Israel has always been led by unwieldy coalitions, thanks to its proportional representation system. Netanyahu has been the master at assembling them – the key political skill, especially of late
when there have been five elections in four years because the coalitions have kept collapsing.
Although attacked as divisive, Netanyahu has always managed to lure in centrists and keep out the extremists. But this time it’s different. After last year’s government of anti-Netanyahu forces fell apart, the November election threw up the political equivalent of three-dimensional chess. None of the normal coalition combinations would be enough for a parliamentary majority.
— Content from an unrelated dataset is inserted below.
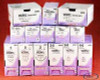Absorbable Suture with Needle Coated Vicryl Polyglactin 910 CP-1 1/2 Circle Reverse Cutting Needle Size 0 Braided J267H Box of 36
So Netanyahu turned, for the first time, to the fringe religious and nationalist extremists.
These include the likes of Itamar Ben-Gvir, the minister of national security – a man who reveres Israeli American terrorist Baruch Goldstein, who murdered 29 Palestinians in the 1994 Cave of the Patriarchs massacre in Hebron. Ben-Gvir has a criminal record for supporting a group founded by the racist terrorist Meir Kahane. He has called for a loyalty test for Arab Israelis, with those who refuse to be expelled. Or there is Bezalel Smotrich, the minister of finance, who said in October 2021 that “it’s a mistake that Ben-Gurion didn’t finish the job and didn’t throw you [Israeli Arabs] out in 1948”. He has also stated that gay pride parades are “worse than bestiality”.